Provided material.
_ _ _ _ _ _ _
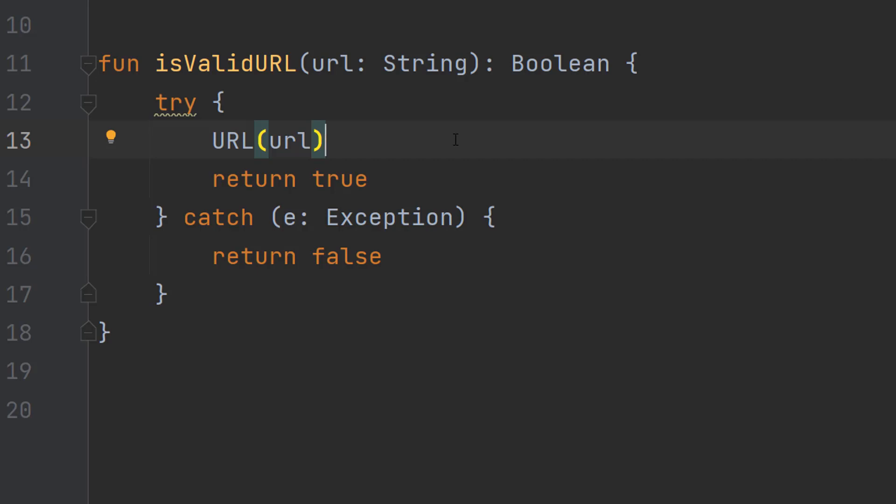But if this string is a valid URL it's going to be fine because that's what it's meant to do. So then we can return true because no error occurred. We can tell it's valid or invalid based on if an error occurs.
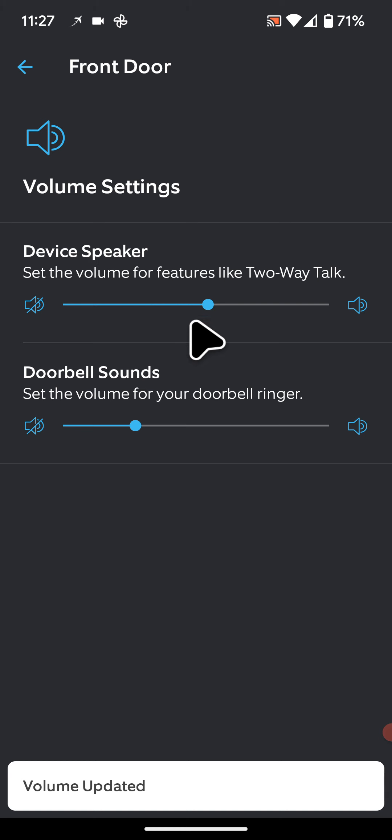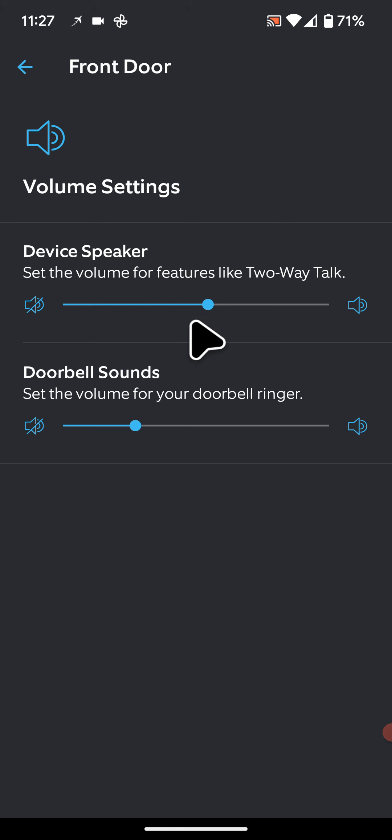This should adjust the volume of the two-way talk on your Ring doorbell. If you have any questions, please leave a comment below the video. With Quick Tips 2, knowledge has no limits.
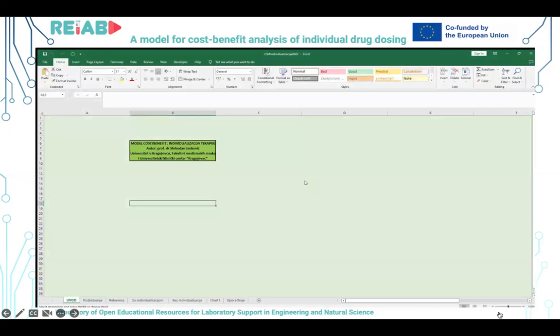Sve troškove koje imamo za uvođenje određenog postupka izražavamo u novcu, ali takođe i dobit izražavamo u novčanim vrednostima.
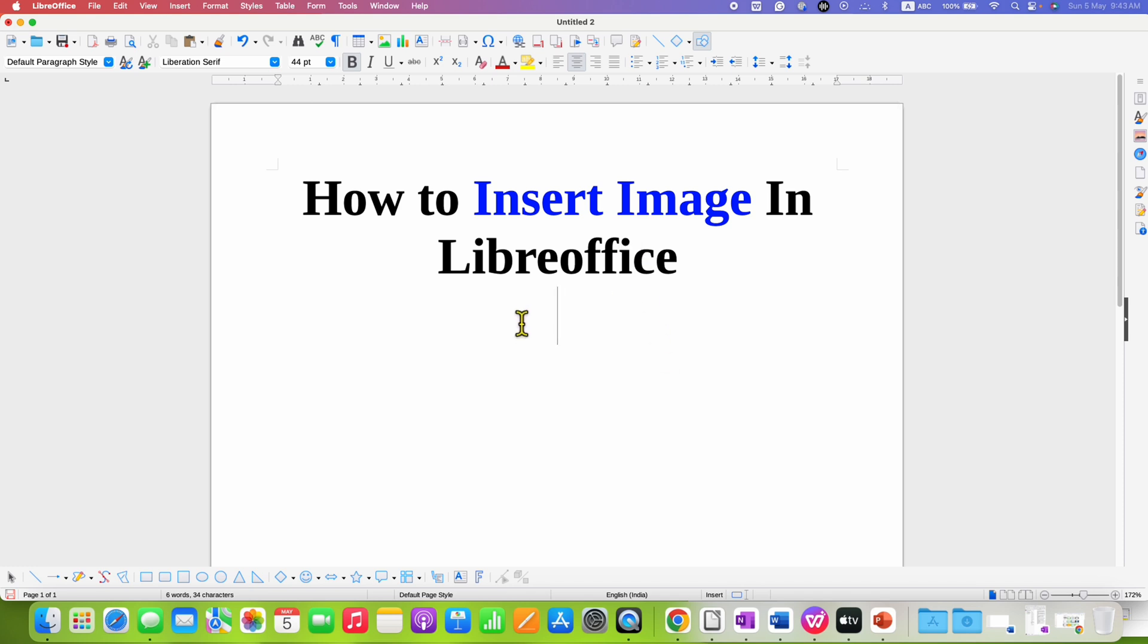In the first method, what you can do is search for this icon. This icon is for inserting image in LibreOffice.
_ _ _ _ _ _ _
What you need to do. All of the data is to be transcribed exactly, with images omitted.

Result of the task.
But if this string is a valid URL it's going to be fine because that's what it's meant to do. So then we can return true because no error occurred. We can tell it's valid or invalid based on if an error occurs.
This should adjust the volume of the two-way talk on your Ring doorbell. If you have any questions, please leave a comment below the video. With Quick Tips 2, knowledge has no limits.
Sve troškove koje imamo za uvođenje određenog postupka izražavamo u novcu, ali takođe i dobit izražavamo u novčanim vrednostima.
In the first method, what you can do is search for this icon. This icon is for inserting image in LibreOffice.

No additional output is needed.